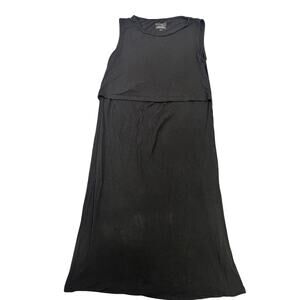 🌟3 for $35🌟 Undercover Mama Sleeveless Little Black Nursing/Maternity Dress XS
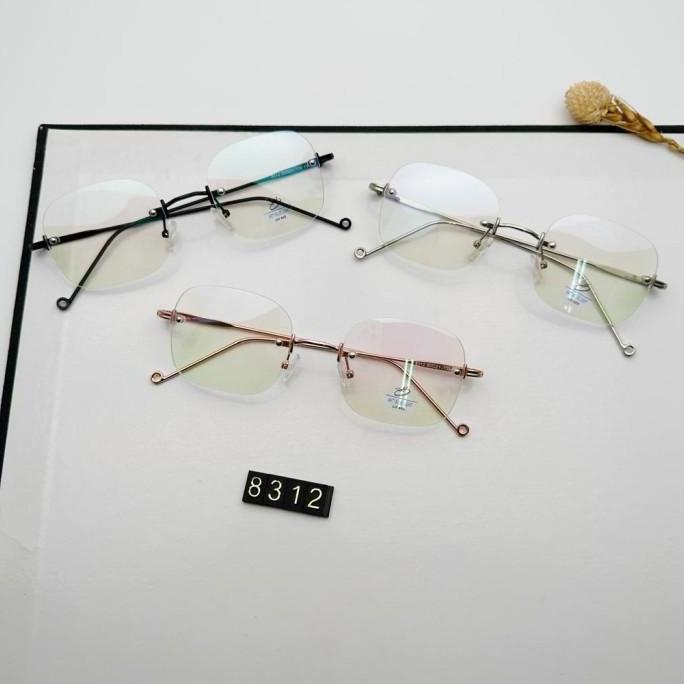 kacamata frameless pria wanita unisex | kacamata baca progresiv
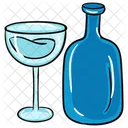 Wine Alcoholic Beverage Champagne Icon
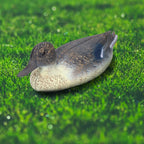 Plastic Simulation Duck Lifelike Duck Decoration Hunting Decoy for Garden 34.5 x 13cm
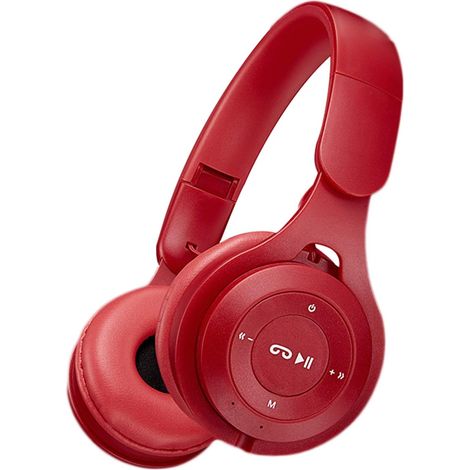 Casque Bluetooth avec microphone M6 sans fil pliable Macarons (1/5)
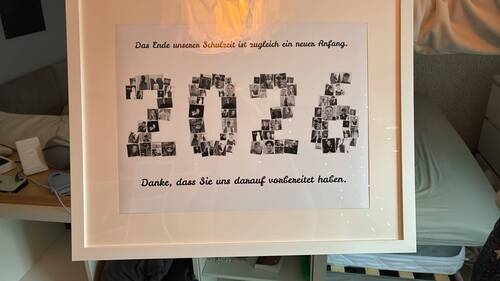 Customer Photo by Diana for Review Print Photo Collage Poster 40x30cm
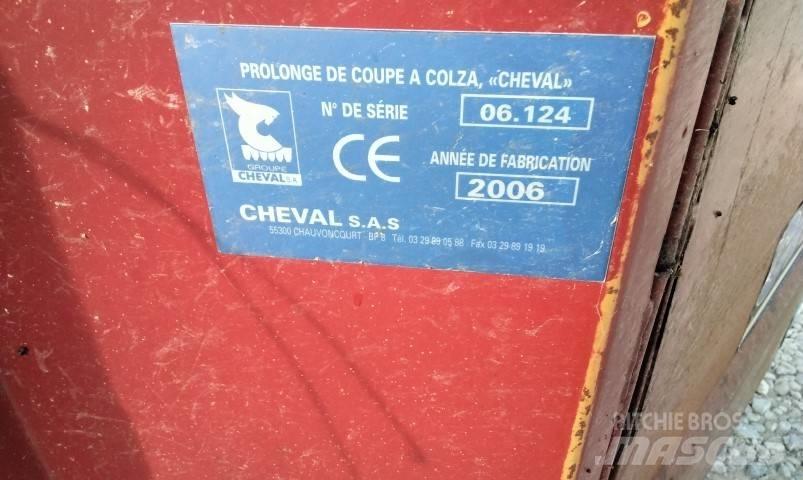 Cheval 6.7M Akcesoria do kombajnów zbożowych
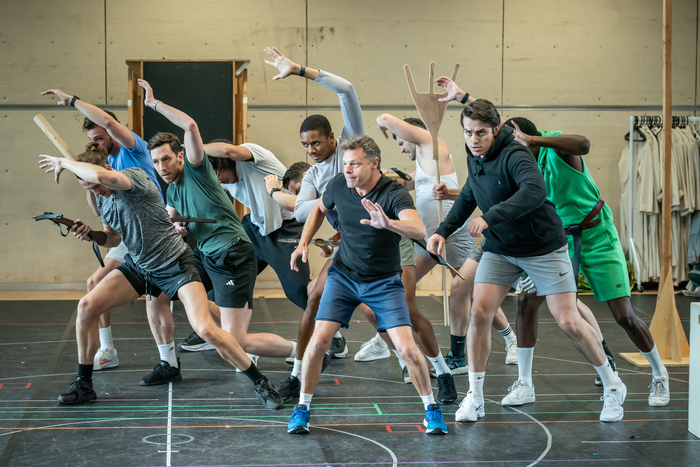 Photos: FROZEN Extends West End Booking Until June 2024; Plus New Rehearsal Photos! Image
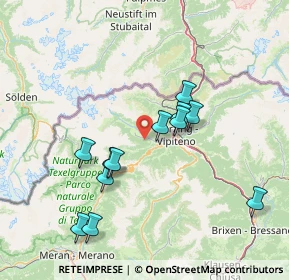 Mappa 39040 Racines BZ, Italia (13.72333)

====

Pass over the images and copy the rest of the material above exactly.

 🌟3 for $35🌟 Undercover Mama Sleeveless Little Black Nursing/Maternity Dress XS
 kacamata frameless pria wanita unisex | kacamata baca progresiv
 Wine Alcoholic Beverage Champagne Icon
 Plastic Simulation Duck Lifelike Duck Decoration Hunting Decoy for Garden 34.5 x 13cm
 Casque Bluetooth avec microphone M6 sans fil pliable Macarons (1/5)
 Customer Photo by Diana for Review Print Photo Collage Poster 40x30cm
 Cheval 6.7M Akcesoria do kombajnów zbożowych
 Photos: FROZEN Extends West End Booking Until June 2024; Plus New Rehearsal Photos! Image
 Mappa 39040 Racines BZ, Italia (13.72333)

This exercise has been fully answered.